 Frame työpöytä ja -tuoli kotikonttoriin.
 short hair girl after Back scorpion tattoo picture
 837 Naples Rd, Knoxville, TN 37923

==============================

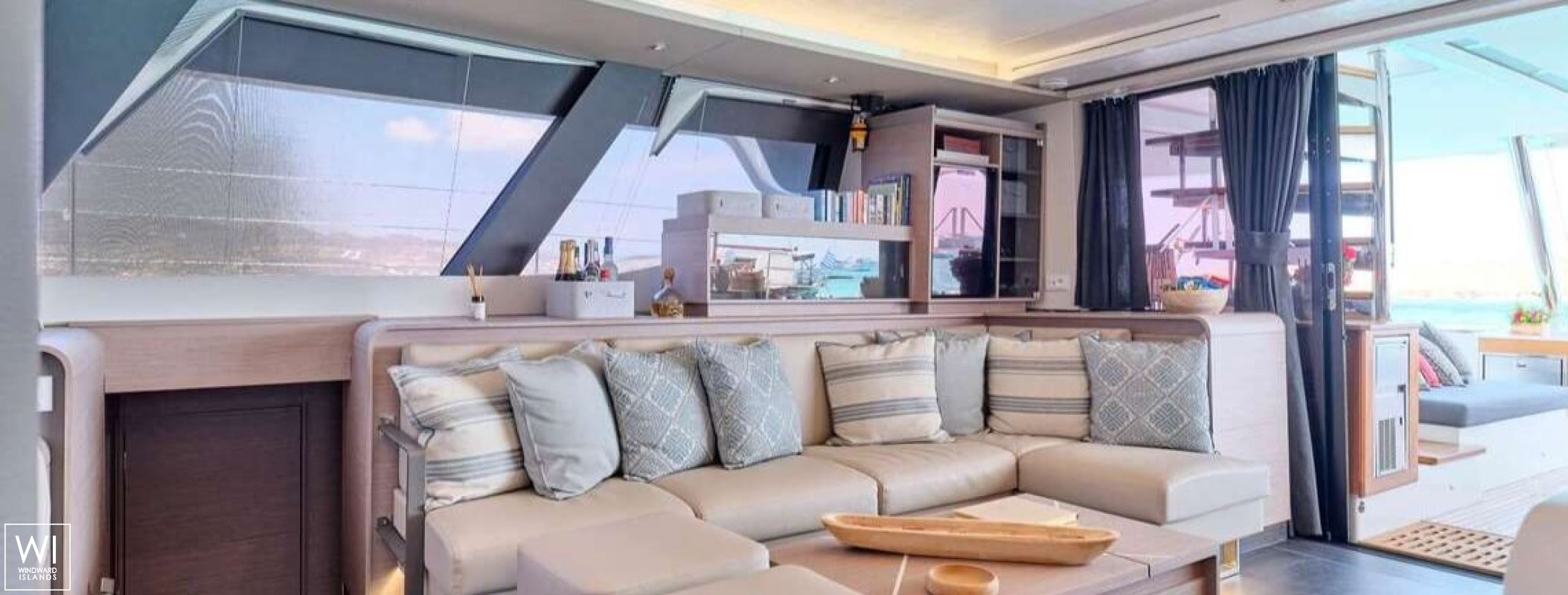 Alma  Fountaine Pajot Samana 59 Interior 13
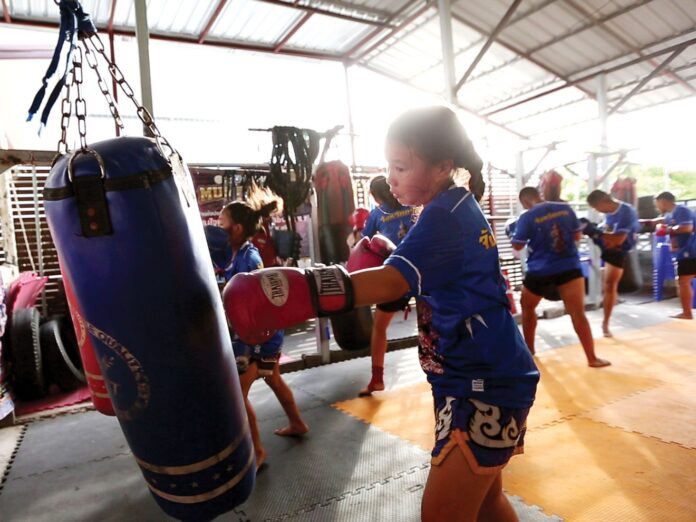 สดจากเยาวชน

==============================

Of the entries above, repeat exactly the lines between the line with "short hair girl" and the line with "837 Naples Rd, Knoxville, TN 37923", inclusive, and no others.

OUTPUT FOR THIS TASK:
 short hair girl after Back scorpion tattoo picture
 837 Naples Rd, Knoxville, TN 37923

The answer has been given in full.